Honesty without Self-deception
Let’s talk about honesty. Not cash register honesty where you pay a certain amount and the cashier does not pocket your change. That’s the type of honesty that is intended to denote morality in choosing not to lie, cheat, or steal in any way. Let’s all be honest in that way on a regular basis. One should not choose to lie, cheat, or steal and expect to have a high level of assurance or a well-balanced life overall.
What I mean here is more so the kind of gut-level honesty that requires the loss of some self-deception. I mean the work it takes to dispel some of the lies in which we may indulge ourselves. There are things you might want to justify in your conduct or rationalize away somehow. Is there something coming into your consciousness now as you read this? What is it? Perhaps nothing is coming up for you right now. We may have to dig deeper.
I am not immune to this.
Let me not write to you from some spiritual hilltop because I do these things myself. Sometimes it’s simple and other times more complicated. It can come off as something I know that’s not in my best interest, such as an extra donut that I told myself I wouldn’t eat because I’m doing sweets in moderation. ‘To thine own self be true’ is not lost on me, but rationalization wins out sometimes. It won’t hurt me now and here’s why, I tell myself, followed by some resolve to work out later that day which I may or may not intend to do. This place is where the self-deception comes in.
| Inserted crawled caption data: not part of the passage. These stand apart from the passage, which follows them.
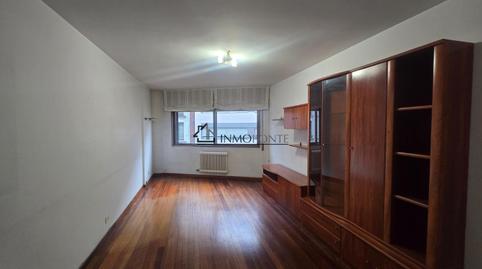 Foto 2 de Piso en venta en Campo da Torre - Mollabao, Pontevedra Capital
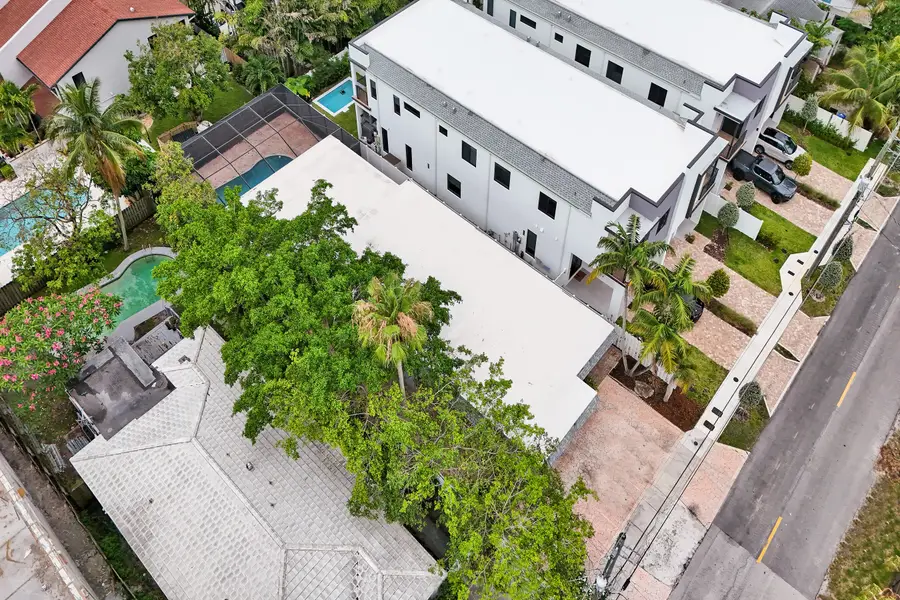816 SE 12th Street, Fort Lauderdale, FL 33316 - #3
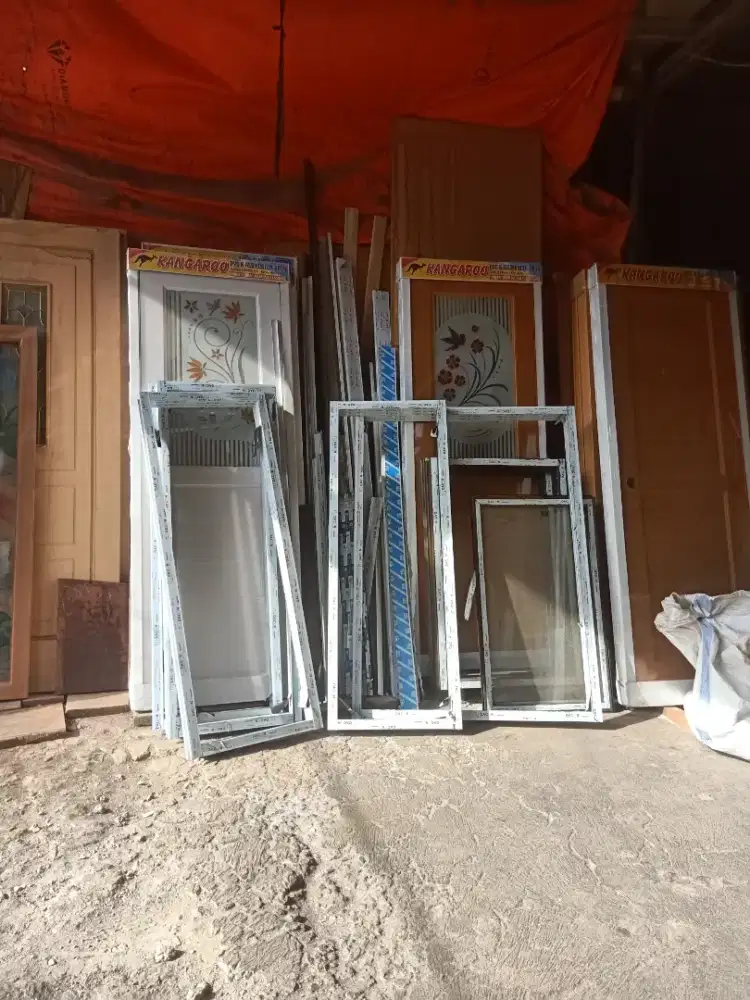 Pintu kusen dan jendela almunium kayu  melayani pasang engsel kunci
I would be much better off walking away or merely allowing myself the extra donut without the internal dialogue laden with dishonesty.
This example may or may not be a part of your story, but do you have things you wish you did not do? Do you try to justify your behavior as well?
The problem here is that my behavior goes against my integrity. Saying what you will do and then following through is integrity. It’s a very estimable act that gives you the kind of confidence that is needed to prosper. The first person you need to prove yourself to is yourself. If I choose to take actions that chip away at my integrity, then I lose a sense of self-respect.
Reality rules the day.
The idea that perception is reality is a half-truth in my opinion. My understanding, viewpoints, and opinions skew my reality. It is then through my interpretation of these things that I determine what’s true, but will it be the whole truth? Reality is reality should you choose to live in it or not; it still wins. Reporters like to ask several people in the area for an eyewitness account of what happened because everyone has a different perspective. The people present tell various aspects of that same story, and even though they believe it to be the whole story, it probably isn’t. The reality is if I continue to eat a regular diet of donuts for breakfast, I will gain weight and the scale will tell me the whole truth whether or not I choose to accept it. I will still have to buy new clothes to fit the expansion of my waist or, better yet, my rationalizations. My perception may be that I’m doing fine, but my doctor and lab tests may say otherwise. If I’m honest with myself, I know what’s really going on. I can’t hide from me because everywhere I go, there I am.
Why it matters
These things can be difficult to face because we tend to be attached to the old tales we tell ourselves so much so that they tend to become limiting beliefs. I know it’s tough, but the results of living life without self-deception are worth it. It’s necessary if you want to have confidence in your words, and it builds trust within yourself. Trust that not only what you say is right because it’s the truth, but that your word is good and you’re reliable. So, press the dig deep button and ask yourself some questions. What are some of the things you tend to justify in your behavior? Are there areas where you are not in full integrity? What does honesty without self-deception mean to you? What are you potentially trying to hide from yourself? Are you living in your truth? What are some areas that you would like to emulate others who you see living in their authenticity? Be sure not to take these questions to a place of shame, but instead start doing things different right now if you need to. Changing for the better is hard, but it is so worth it.